Donner called the heat wave unprecedented in some respects.
“The heat wave is not just incredible in its magnitude but in its duration,” he said.
“You don’t usually have this type of extreme heat lasting for a full week. This is terrible. It’s too hot, too early in the year.”
As the temperatures rise, he said there will be some cool and normal days but there will be more extremes, which is a manifestation of climate change.

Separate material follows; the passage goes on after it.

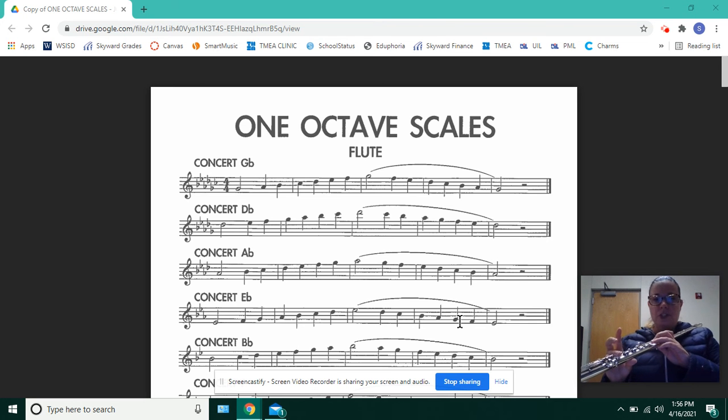It starts off with G-flat, which again is the same as F-sharp, then A-flat, B-flat, C-flat, which is B-natural.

British Columbia has been warming by about 1.1 C in the summer per century, said Rachel White. The average temperature in the province in June around 1920 would have been between 15 and 25 degrees, added White, who is an assistant professor at the University of British Columbia’s department of Earth, ocean and atmospheric sciences.
The warmer temperatures have brought a change in the baseline data, she said.
“I mean, everything’s a little bit warmer and then on top of that we have this particularly extreme event,” she said.
One of the questions scientists are considering is how the baseline temperature affects the strength of the so-called heat dome that’s covering the region, especially since it is forecast to last several days.
Andréanne Doyon, an assistant professor at Simon Fraser University in B.C., said the increase in baseline temperatures coupled with the extreme heat wave will bring about domino effects, noting the recent flooding in Pemberton.
These effects will become bigger as temperatures warm and heat waves become more common, she said.
While warm temperature records were slow to be broken over the past 50 years, they are being topped more often now, Doyon said. The two most recent warmest years on record were in 2016 and 2020 — records that were broken not just in Canada but countries around the globe.
“I think we need more people to prepare themselves for more heat waves and longer heat waves. So again, more frequent, more extreme,” Doyon said.
“So how do we make it so that we can survive through these extreme heat waves? Because currently, we’re not really set up to do that.”